__YOUR INSTRUCTIONS__:
Transcribe all the lines below exactly. Omit the pictures.

__DATASET EXTRACT__:
_ _ _ _

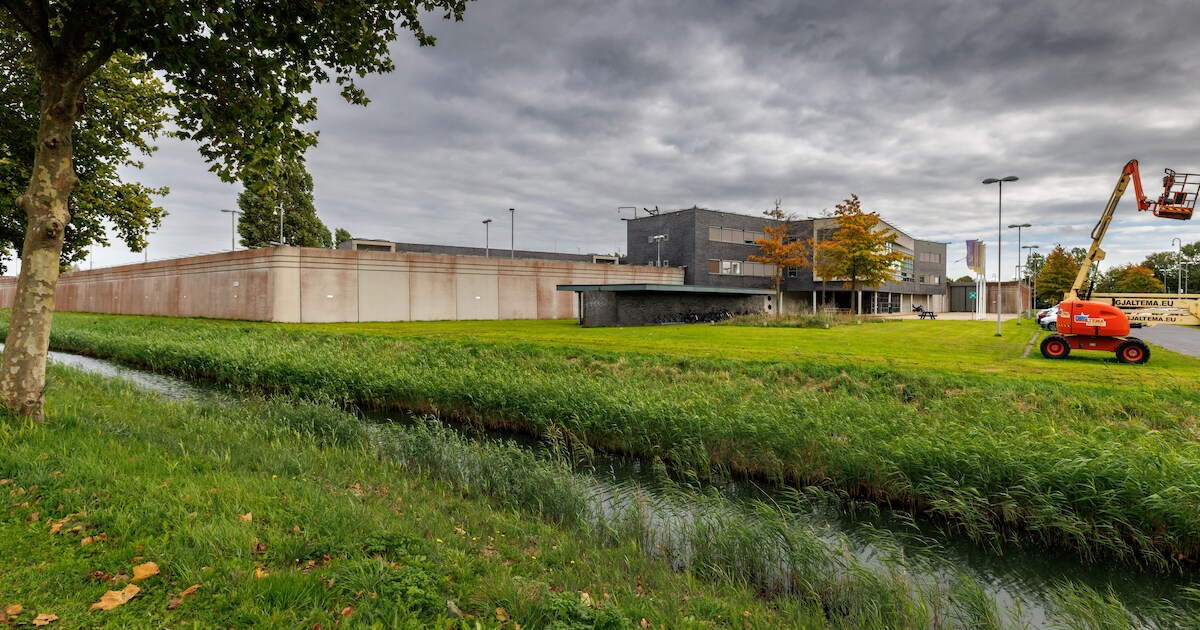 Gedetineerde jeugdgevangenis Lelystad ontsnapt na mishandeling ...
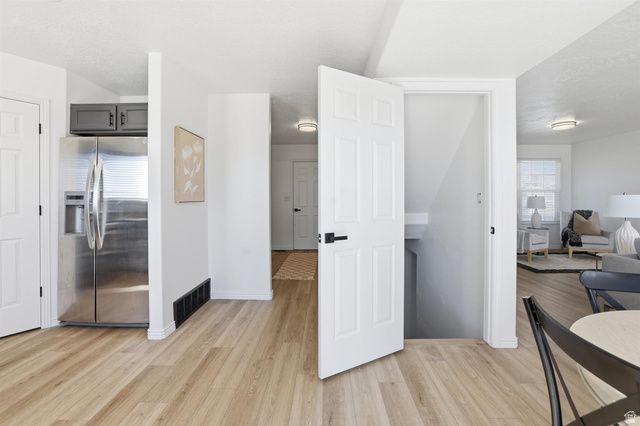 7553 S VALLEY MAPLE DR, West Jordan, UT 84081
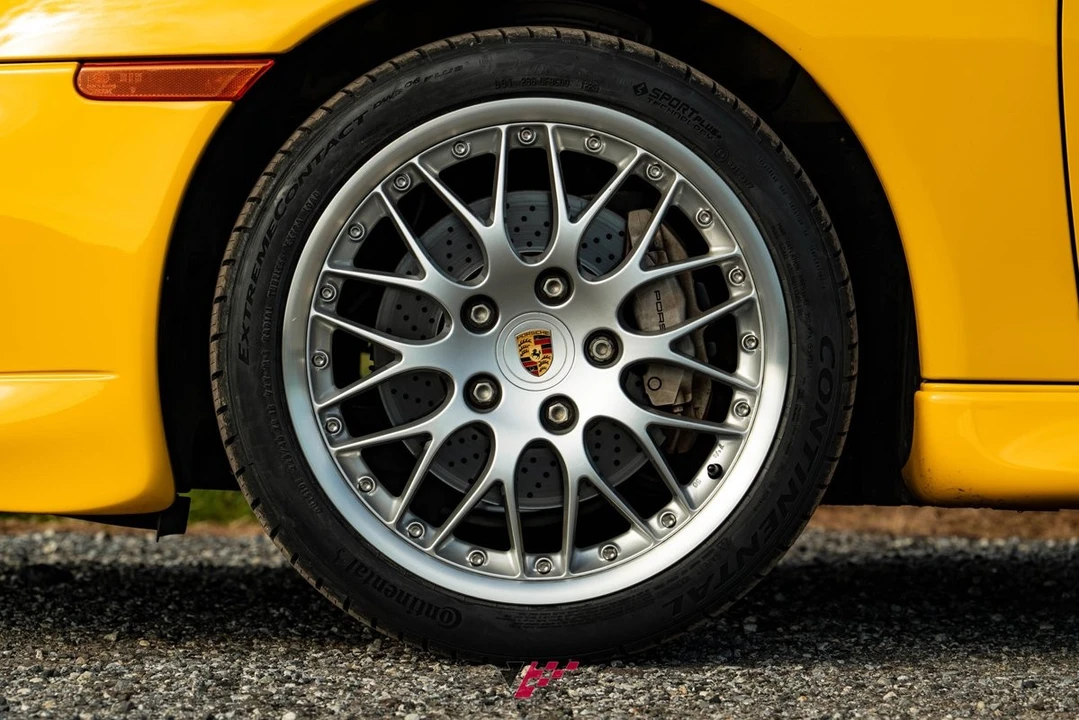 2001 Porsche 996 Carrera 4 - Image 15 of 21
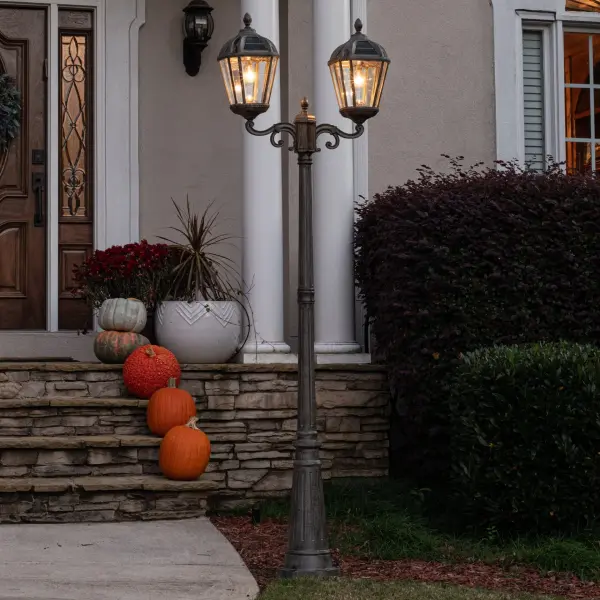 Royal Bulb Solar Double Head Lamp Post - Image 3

_ _ _ _

__SOLUTION FOR THIS TASK__:
 Gedetineerde jeugdgevangenis Lelystad ontsnapt na mishandeling ...
 7553 S VALLEY MAPLE DR, West Jordan, UT 84081
 2001 Porsche 996 Carrera 4 - Image 15 of 21
 Royal Bulb Solar Double Head Lamp Post - Image 3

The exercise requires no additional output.